[Task data Boundary: Start]

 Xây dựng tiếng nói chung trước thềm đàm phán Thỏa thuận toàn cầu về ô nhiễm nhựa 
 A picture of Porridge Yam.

[Task data Boundary: End]
[Task data Boundary: Start]

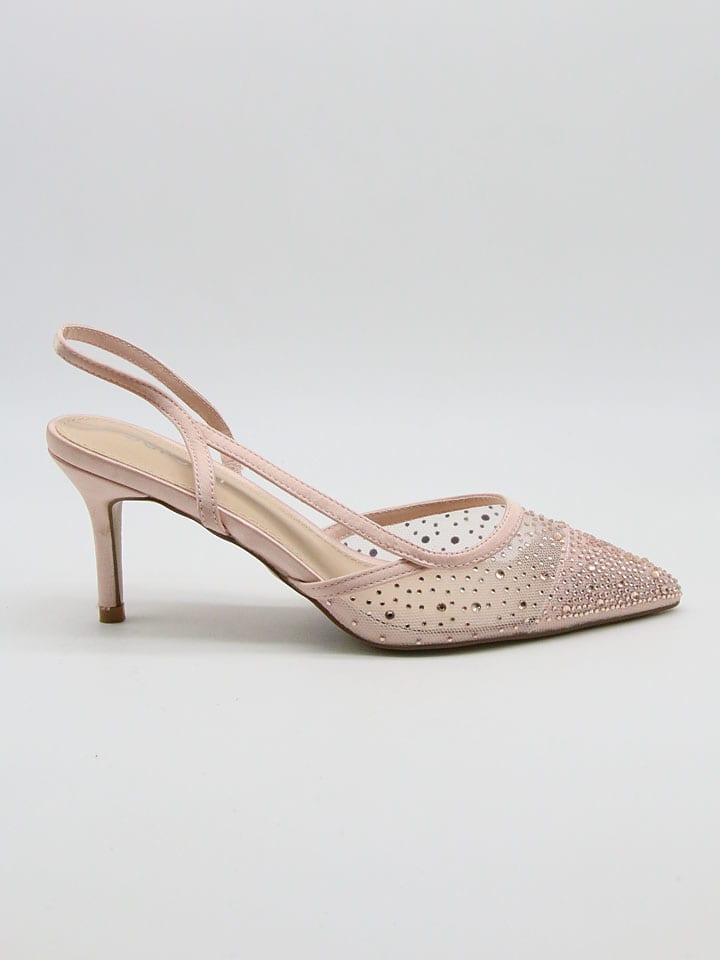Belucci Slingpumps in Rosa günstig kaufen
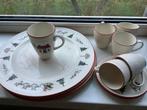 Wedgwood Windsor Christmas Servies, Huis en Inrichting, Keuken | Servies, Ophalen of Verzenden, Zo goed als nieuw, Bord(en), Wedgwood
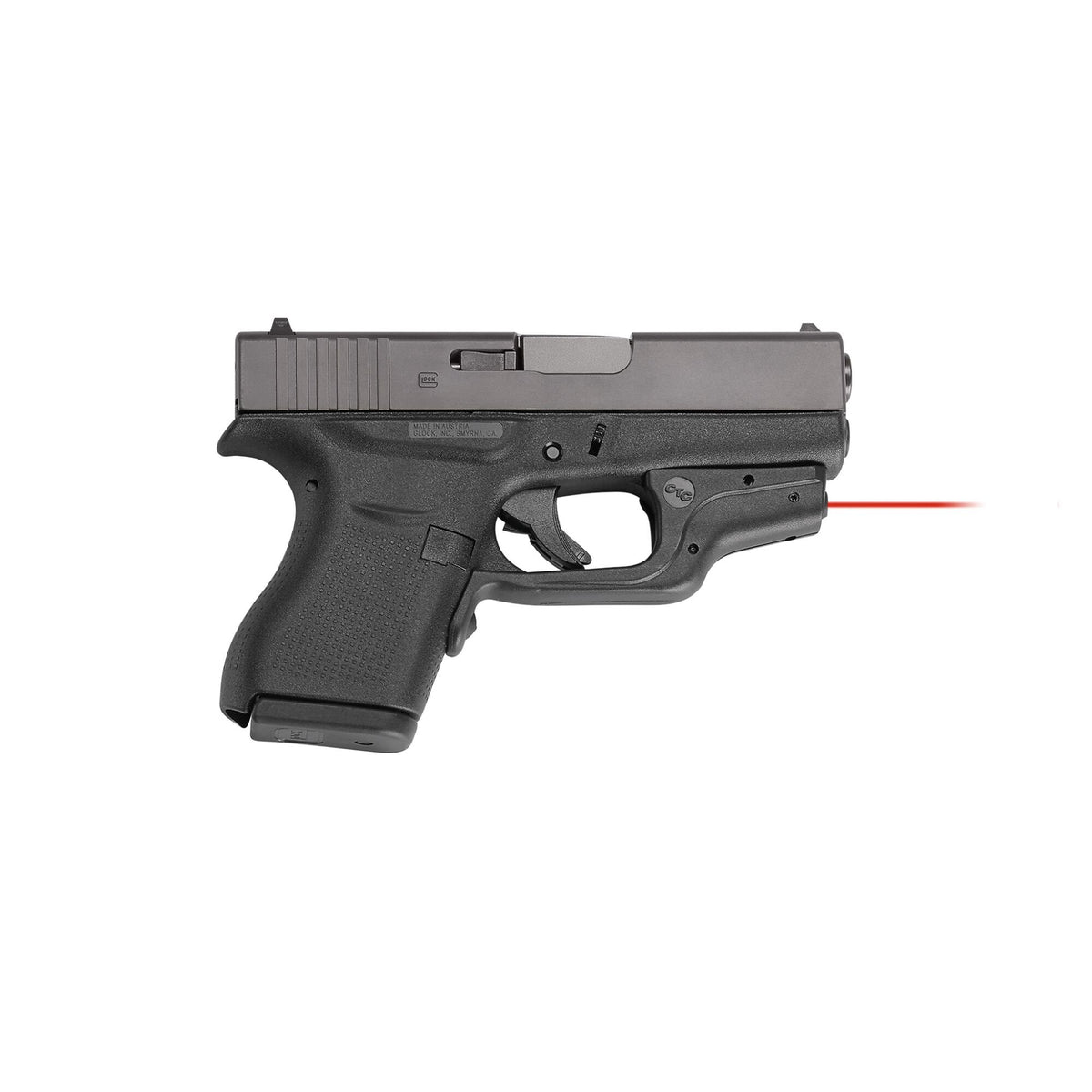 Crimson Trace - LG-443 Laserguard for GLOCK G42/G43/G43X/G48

[Task data Boundary: End]
[Task data Boundary: Start]

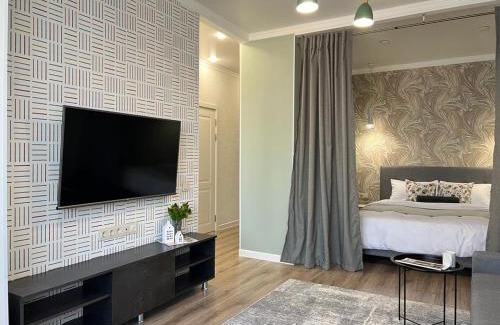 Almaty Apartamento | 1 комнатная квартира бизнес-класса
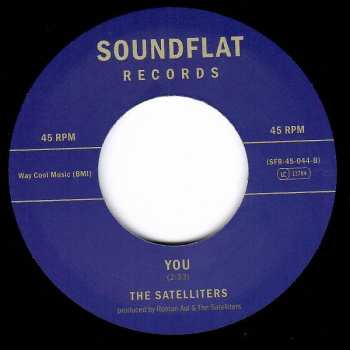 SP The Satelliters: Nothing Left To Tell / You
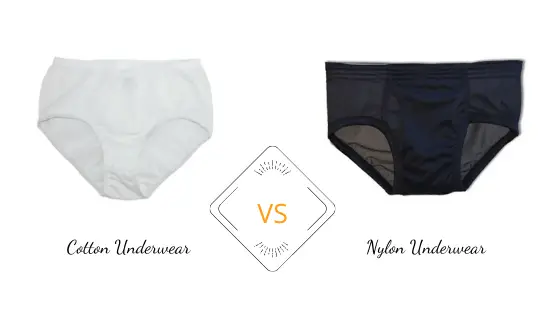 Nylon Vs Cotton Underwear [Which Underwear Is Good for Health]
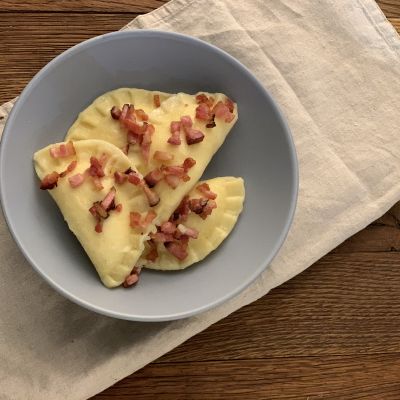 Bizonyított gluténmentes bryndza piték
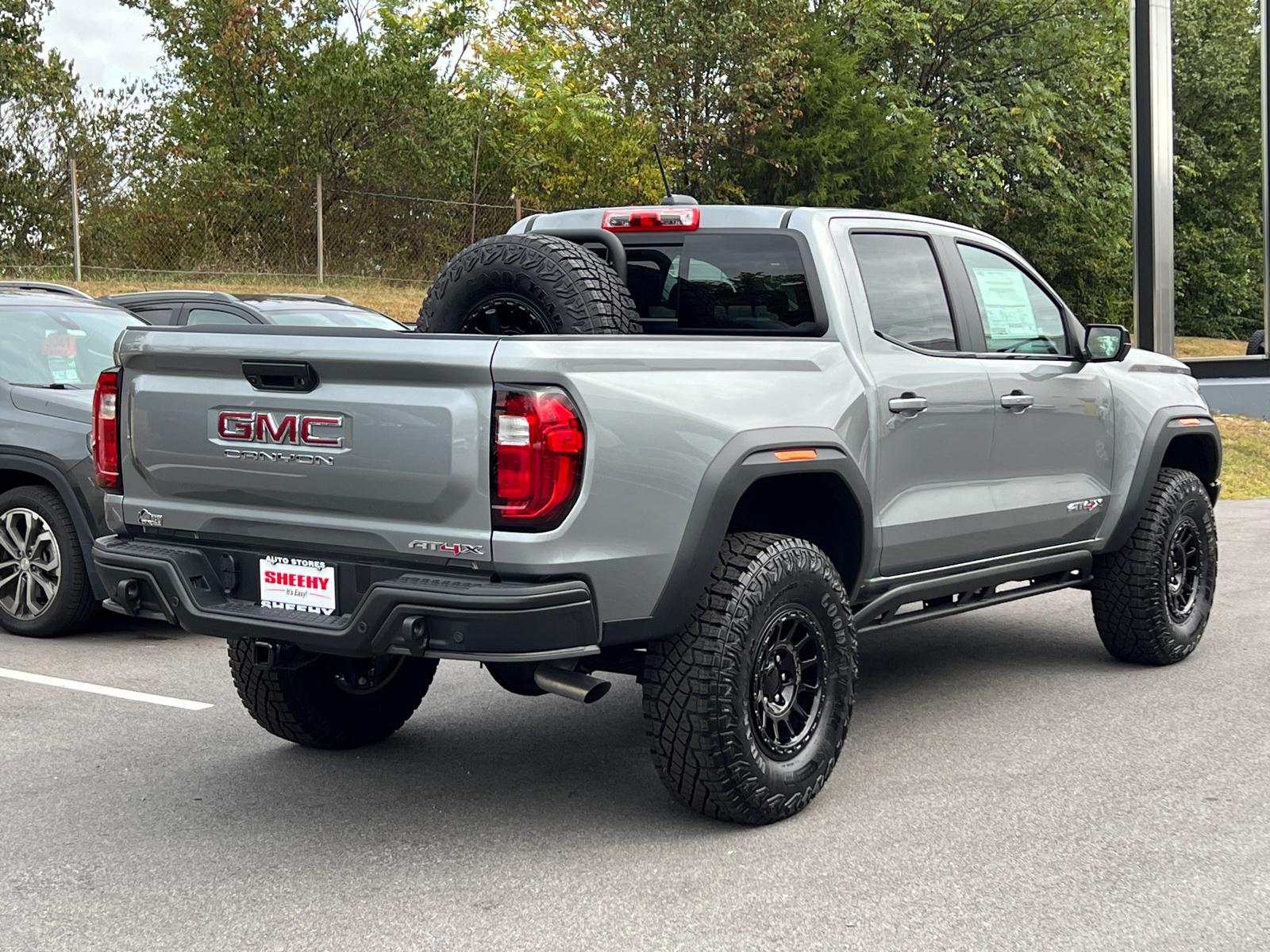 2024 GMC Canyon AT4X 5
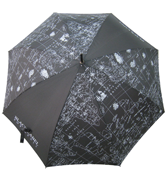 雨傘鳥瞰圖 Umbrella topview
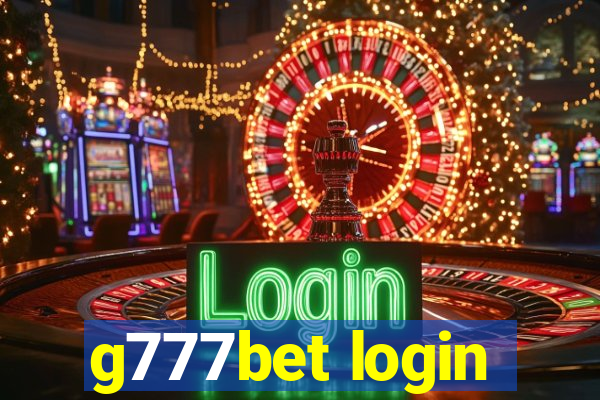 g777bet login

[Task data Boundary: End]

__Aim of the task__: Write out word for word the lines of the listing above from the line with "Wedgwood Windsor Christmas" to the line with "Crimson Trace - LG-443", taking in both of those lines but no pictures.

__Solution__:
 Wedgwood Windsor Christmas Servies, Huis en Inrichting, Keuken | Servies, Ophalen of Verzenden, Zo goed als nieuw, Bord(en), Wedgwood
 Crimson Trace - LG-443 Laserguard for GLOCK G42/G43/G43X/G48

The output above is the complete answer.